> **TASK DESCRIPTION**: Set down the data below in full and exactly, minus the pictures.

> **STORED DATA**:
Content starts
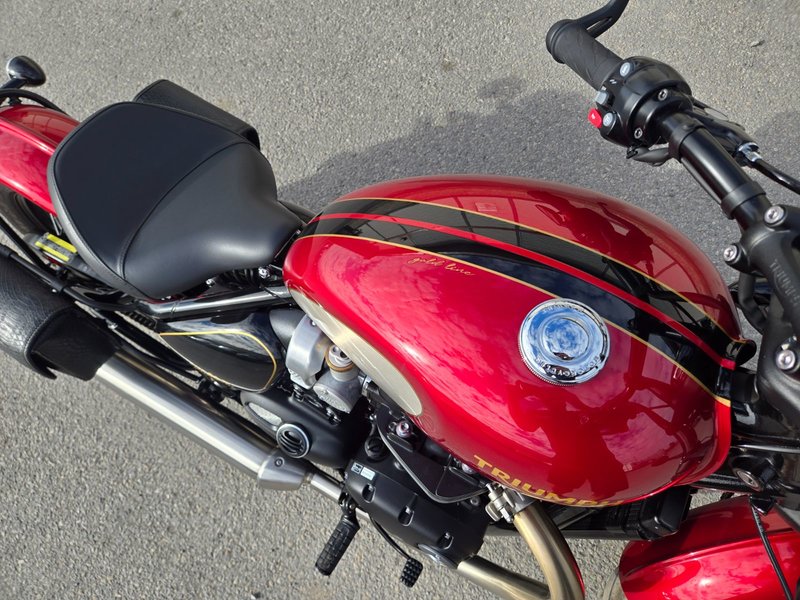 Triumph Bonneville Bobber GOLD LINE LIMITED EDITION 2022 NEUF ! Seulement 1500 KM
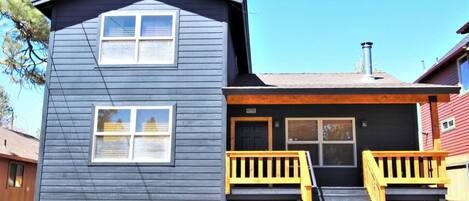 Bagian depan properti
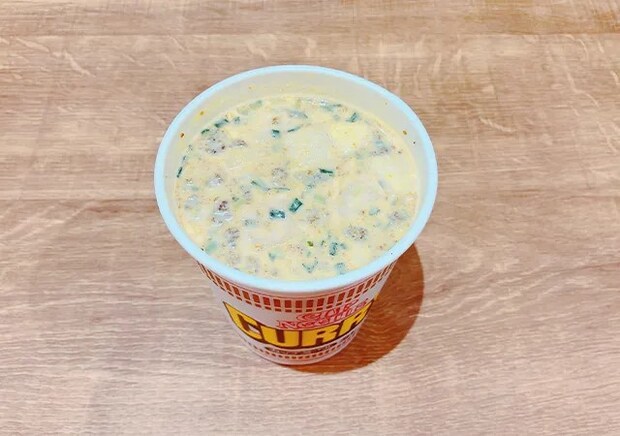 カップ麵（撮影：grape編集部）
Content ends
> **TASK OUTPUT**:
 Triumph Bonneville Bobber GOLD LINE LIMITED EDITION 2022 NEUF ! Seulement 1500 KM
 Bagian depan properti
 カップ麵（撮影：grape編集部）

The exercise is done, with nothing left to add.